> Task directions: Copy out the entries below exactly as they stand, but only from the line containing "Sheep & Llama" through the line containing "Obraz premium path in the woods".

> Information given:

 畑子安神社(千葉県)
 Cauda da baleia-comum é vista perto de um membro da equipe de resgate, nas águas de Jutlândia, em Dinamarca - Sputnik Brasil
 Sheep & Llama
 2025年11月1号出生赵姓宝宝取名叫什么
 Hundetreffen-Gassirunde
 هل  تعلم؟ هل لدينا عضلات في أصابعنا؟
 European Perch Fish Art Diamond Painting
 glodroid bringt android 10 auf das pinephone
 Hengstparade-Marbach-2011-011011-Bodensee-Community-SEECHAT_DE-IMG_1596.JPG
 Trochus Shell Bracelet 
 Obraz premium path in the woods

---

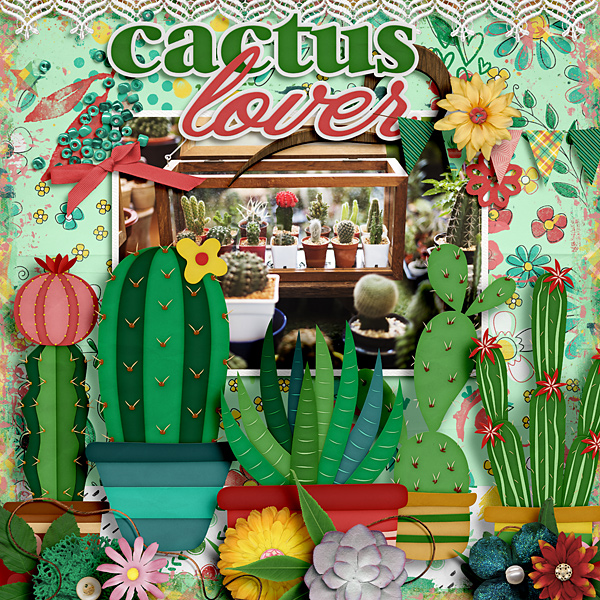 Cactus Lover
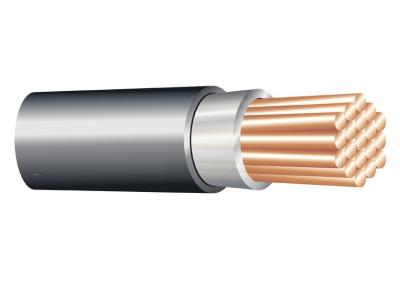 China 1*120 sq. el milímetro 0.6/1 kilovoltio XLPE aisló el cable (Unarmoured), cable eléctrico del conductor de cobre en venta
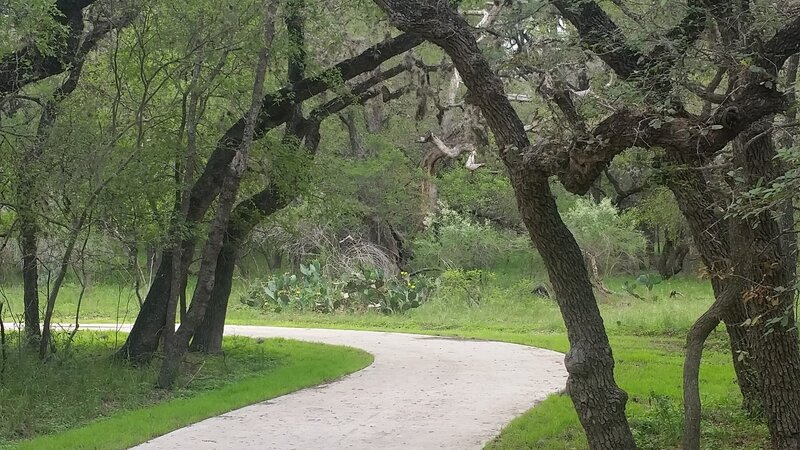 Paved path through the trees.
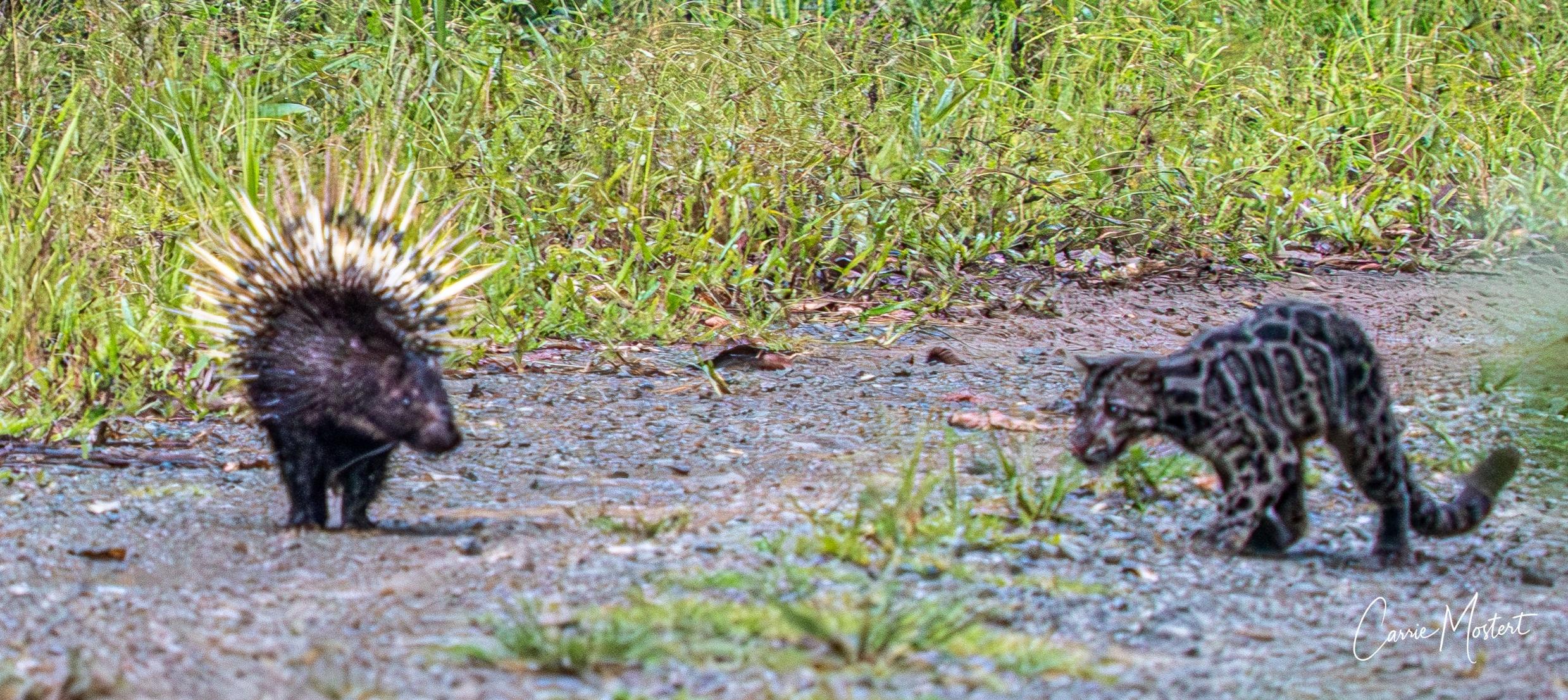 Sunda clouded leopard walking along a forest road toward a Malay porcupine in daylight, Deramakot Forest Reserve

* * *

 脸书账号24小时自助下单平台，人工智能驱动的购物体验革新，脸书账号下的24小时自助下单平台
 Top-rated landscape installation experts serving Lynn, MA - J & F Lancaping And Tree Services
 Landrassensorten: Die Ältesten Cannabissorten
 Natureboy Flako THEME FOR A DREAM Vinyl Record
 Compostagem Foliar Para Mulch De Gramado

> Result of the task:
 Sheep & Llama
 2025年11月1号出生赵姓宝宝取名叫什么
 Hundetreffen-Gassirunde
 هل  تعلم؟ هل لدينا عضلات في أصابعنا؟
 European Perch Fish Art Diamond Painting
 glodroid bringt android 10 auf das pinephone
 Hengstparade-Marbach-2011-011011-Bodensee-Community-SEECHAT_DE-IMG_1596.JPG
 Trochus Shell Bracelet 
 Obraz premium path in the woods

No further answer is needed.